Jayapura, Jubi – Majelis Hakim Peradilan Hak Asasi Manusia (HAM) memvonis bebas terdakwa kasus pelanggaran HAM berat Paniai, Papua Tengah, Mayor Infanteri (Purn) Isak Sattu.
Putusan vonis bebas itu dibacakan dalam persidangan di Pengadilan Negeri Makassar, Sulawesi Selatan, Kamis 08 Desember 2022.
Namun, pihak keluarga empat siswa yang tewas dan belasan korban luka dalam peristiwa Paniai Berdarah menyatakan tidak kaget dengan putusan majelis hakim itu.
Perwakilan keluarga korban, Yones Douw mengatakan sejak awal pihaknya sudah menduga terdakwa akan divonis bebas proses yang digelar di Pengadilan HAM Makassar, hanya untuk menjaga citr negara.
Katanya, untuk itulah sejak awal kelurga korban dan pendamping mereka tidak mau hadir dan mengikuti proses pengadilan HAM di Makassar.
“Sejak awal kami sudah duga, kalau tersangka hanya satu orang, maka putusan terakhir akan bebas. Kami tidak kaget dengan putusan ini. Kami tahu negara ini tidak memihak kepada keluarga korban. Kepada kami orang Papua,” kata Yones Douw saat dihubungi Jubi melalui panggilan teleponnya, Kamis malam (08/12/2022).
Yones Douw mengatakan, berbagai kejanggalan telah terlihat sejak awal penyelidikan dan penyidikan kasus Paniai Berdarah. Dalam penyidikan Komnas HAM RI, tidak ada namanya terdakwa Isak Sattu.
Akan tetapi, Jaksa Agung kemudian menetapkan Isak Sattu sebagai terdakwa.
“[Terdakwa Isak Sattu] ini dapat dari mana?
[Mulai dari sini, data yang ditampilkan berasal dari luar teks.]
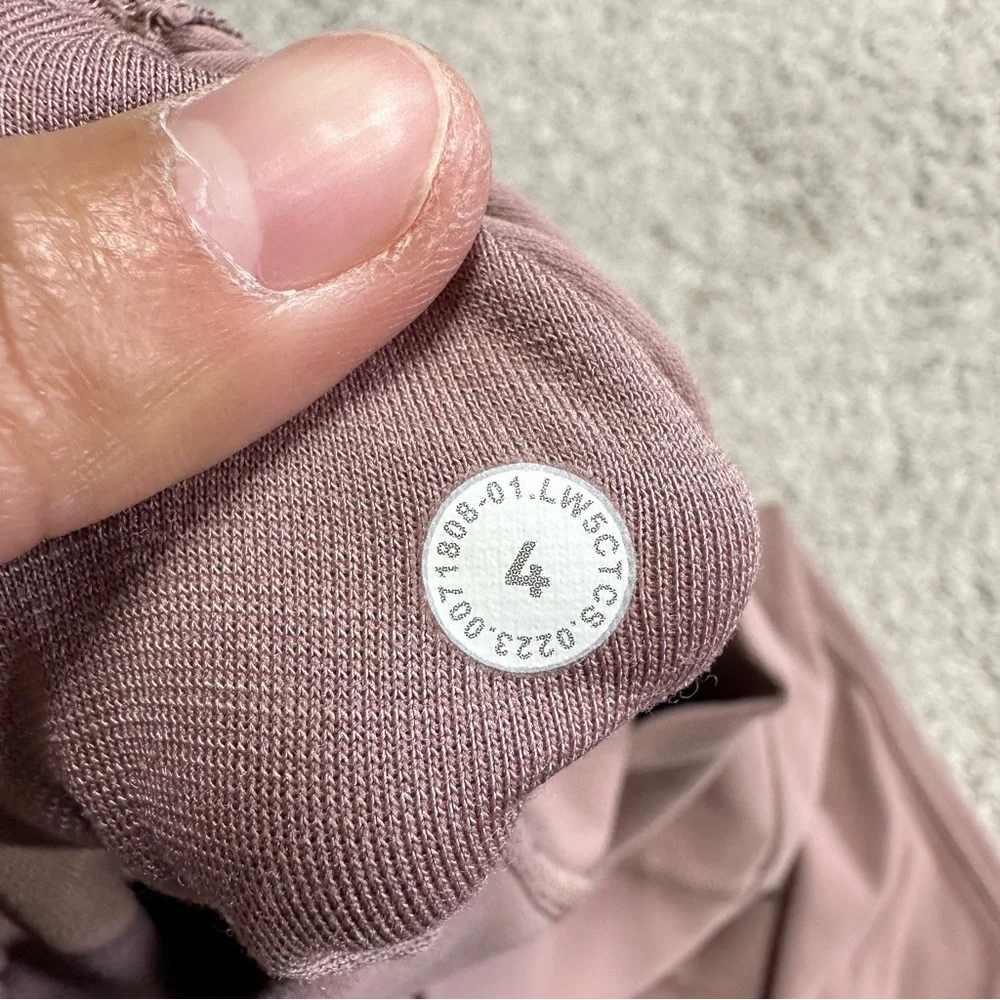 Lululemon Women’s Align High-Rise Pant Leggings Pull On Yoga 25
Dalam kesimpulan laporan polisi menyatakan telah mewawancarai 57 orang. Menyatakan empat kesatuan yang [diduga menyerang] empat siswa di lapangan Karel Gobay. Tetapi yang jadi tersangka hanya dari Koramil Paniai. Mana Kopasus, mana Kopaskas, mana polisi,” ucapnya.
Yones Douw mengatakan, dengan dasar itu dan pengalaman beberapa kasus pelanggaran HAM di Papua pada masa lalu dimana terdakwa divonis bebas, keluarga dan pihak yang mendampingi keluarga korban sudah menduga, terdakwa kasus Paniai juga akan divonis bebas.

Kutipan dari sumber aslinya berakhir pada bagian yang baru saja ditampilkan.